HUSA is pretty much left for dead. that corpse has checked in to the morge, and it’s Hotel California. and nobody bothered to show up for it’s funeral. volume is weak. but as soona s they report on the latest well drilling, then it’s be all champagne and roses for a day.
That rally was undeserved starting with the WSJ “rumor” article, followed by pressure on Central Banks causing BoE to promise something in a couple of weeks and the China Interest rate cut. I had to sit thru Stupid rumors of Euro Bonds(lol), QE out of FOMC (lol) and War Games of Iran, Russia, China (omg). Now, the FOMC confirmed no QE, the Oil talks are moved to July 3 and the FLASH (not final) PMI’s out of China and Germany were beyond ugly…we are getting back to making sense. I get logical sells off of this market and someone has to go “rumor” something. For me, I am still playing the rough copper bubble/commodity..staying short until copper is below 2.00 where it should be based on true global need..along with all the other commodities. I can’t buy beaten up names like Scott yet because I have to understand bubbles better and this 2009 bubble that I have been following has been so amazing. Anyway watch for rally attempt around July 1 over hopes of Iran Embargo going thru and ECB/BoE meetings..esp BoE cuz they should give market some sugar.
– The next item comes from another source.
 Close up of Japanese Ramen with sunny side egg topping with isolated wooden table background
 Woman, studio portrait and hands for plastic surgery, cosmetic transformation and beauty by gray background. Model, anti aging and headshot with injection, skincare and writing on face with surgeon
For the Central Banks holding up the markets. In 1980′s Soros wrote Alchemy which was basically his trading diary…IMHO, he was waiting for a big sell off due to fundies..at the end of it all he realized that that Regan, etc had started this new type of cycle..not a supply/Demand one, but a Boom/Bust driven by Central Bank liquidation and IMHO we have been having these cycles since then…
I love your name, and your intelligence. thanks for sharing your comments. it helps make me a little less insane over the market..
scott ive always thought you have told people to be careful, and to look at the down side risk. i read the news and try to figure their reaction. funny u and silb had a bearish take, yet he wants to taunt you. i dont get it. i always look forward to reading your thoughts, thanks for sharing.